21 décembre 2007

Dom Juan

Non, je n'oublie pas que je vous dois un beau billet sur Jacques le Fataliste et son maître, le chef d'œuvre de Denis Diderot paru en 1796. Mais franchement, est-ce une raison pour ne pas vous parler d'abord de ma re-re-re-re-relecture du Dom Juan de MOLIERE, créé en 1665 par la troupe de Monsieur, frère du Roi Louis XIV ?

Pfuit ! Certainement pas !

Le Dom Juan de Molière est une réécriture d'une pièce créée en 1630 en Espagne par Tirso de Molina, un religieux : El Burlador de Séville, comprenez L'Abuseur de Séville sous-titrée "le Convive de Pierre". Vous connaissez tous le personnage de Dom Juan, justement parce qu'il n'est pas resté dans l'histoire qu'un simple personnage littéraire, mais parce qu'il est passé, à partir de la version de Molière, dans la catégorie très sélect des mythes. Comme plus tard Faust et Dracula (pour le côté monstrueux), Casanova et Cyrano de Bergerac (dans la catégorie "ils ont existé mais leur héritage est édulcoré"), ou bien encore Lolita (sorte d'écho féminin du scandaleux Dom Juan).

La pièce de Molière est en cinq actes, chose peu commune pour une comédie du XVIIè siècle, qui pour la plupart se présentent en trois actes seulement, les deux actes supplémentaires étant plutôt l'apanage des tragédies classiques. C'est que justement Dom Juan, comme Le Tartuffe à laquelle elle succède dans l'œuvre du plus génial des dramaturges français, est une comédie sérieuse. Entendez : ça fait rire mais pour mieux critiquer.

En effet, Le Tartuffe avait été créée en 1664 par Molière et sa troupe, sous la protection du frère du Roi. Comédie en trois actes qui se moquait des faux dévots, une variété animale très répandue à la cour, selon l'auteur. Ce discours étant d'une vérité insoutenable pour certains, la pièce est aussitôt jouée, aussitôt censurée. En 1667, Molière récidive après avoir maquillé son personnage de faux dévot à la truelle, et lui avoir changé son habit de religieux pour un habit de gentilhomme. Aussitôt jouée, aussitôt censurée. En 1669 enfin, la troisième et dernière version écrite du Tartuffe est protégée par le Roi lui-même ; la pièce a été réécrite en cinq actes et valide une rigueur politique et morale dans laquelle le Roi veut se reconnaître ; d'autant que l'œuvre se termine sur un "rex" ex machina.

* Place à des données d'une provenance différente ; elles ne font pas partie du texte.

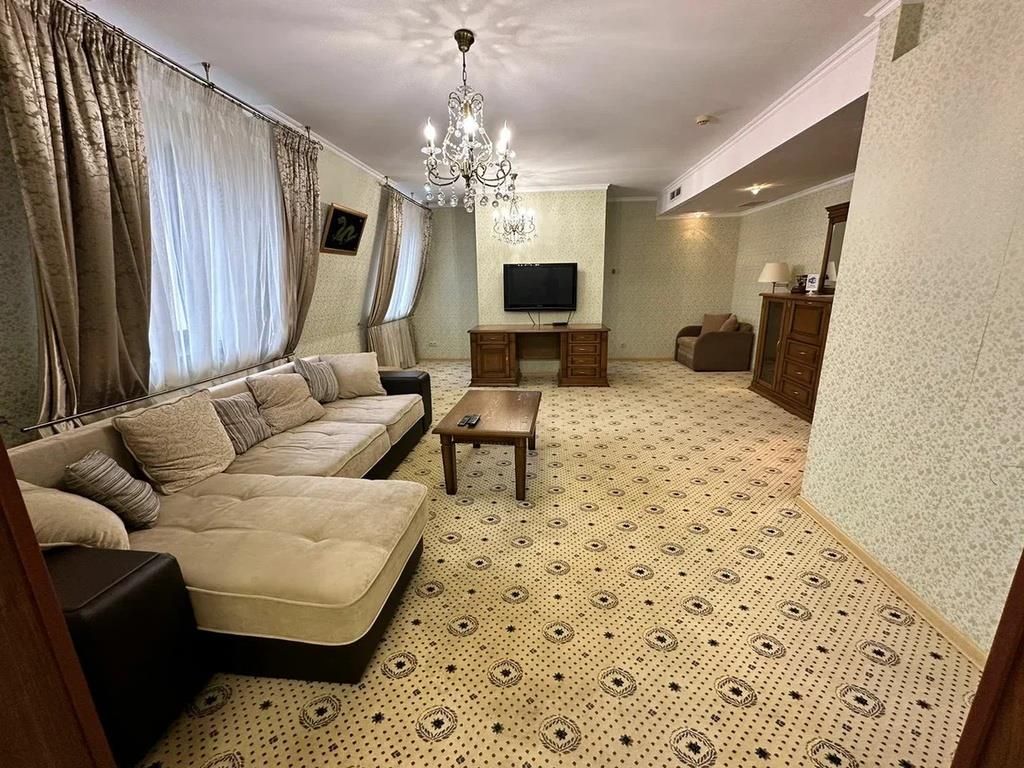 МАРИНУС, гостиничный комплекс - 19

Entre temps, en 1665, dix mois seulement après le revers de fortune de la première version du Tartuffe, Molière crée Dom Juan. Les premières répliques de la pièce foncent tête baissée dans le lard des censeurs du Tartuffe. La Compagnie du Saint-Sacrement, pour ne pas les citer, était une secte d'ultra catholiques qui entendaient gouverner par leurs simagrées et leur feinte rigueur morale. Parmi tant d'autres lubies, ils avaient proscrit l'usage du tabac à priser. Celui qui se roule en petites boulettes dans les narines et qui, dès qu'on en prend, « purge les cerveaux humains (et) instruit les âmes à la vertu ». Alors Molière, qui jouait Sganarelle dans Dom Juan, se fend d'un éloge du tabac en guise d'entrée en matière. Provocateur, tout simplement.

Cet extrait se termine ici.